DATASET EXCERPT START

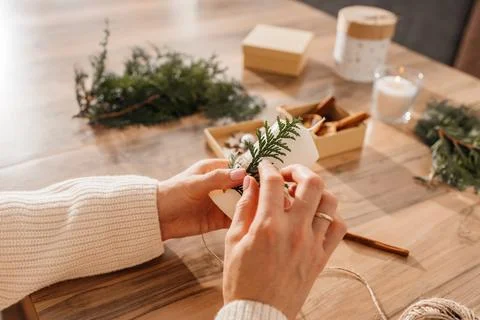 Close-up of a young woman's hands decorating candles for Christmas or New Year Stock Photos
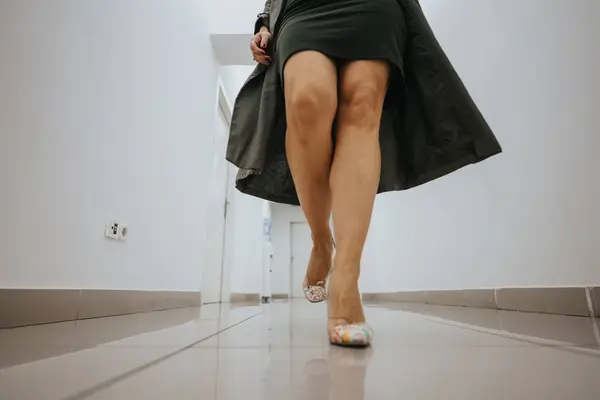 Low-angle shot capturing the movement of a sophisticated womans dress and high-heeled shoes while striding along a corridor.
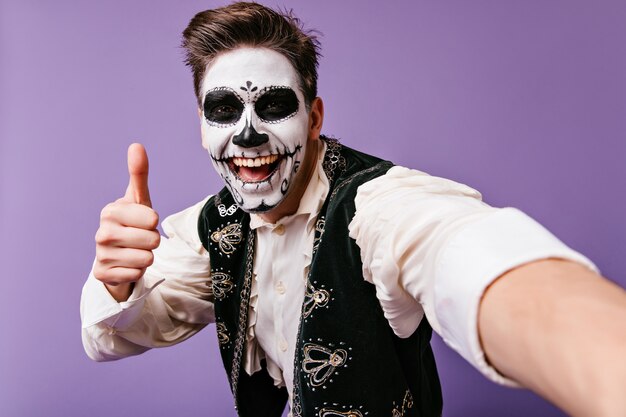 Счастливый европейский парень с традиционным мексиканским боди-артом позирует на фиолетовой стене. Стильный мужчина с макияжем зомби, делая селфи.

DATASET EXCERPT END

Copy out exactly the lines that run from the line containing "Low-angle shot capturing" through the last line of the material, and nothing more; omit the pictures.

 Low-angle shot capturing the movement of a sophisticated womans dress and high-heeled shoes while striding along a corridor.
 Счастливый европейский парень с традиционным мексиканским боди-артом позирует на фиолетовой стене. Стильный мужчина с макияжем зомби, делая селфи.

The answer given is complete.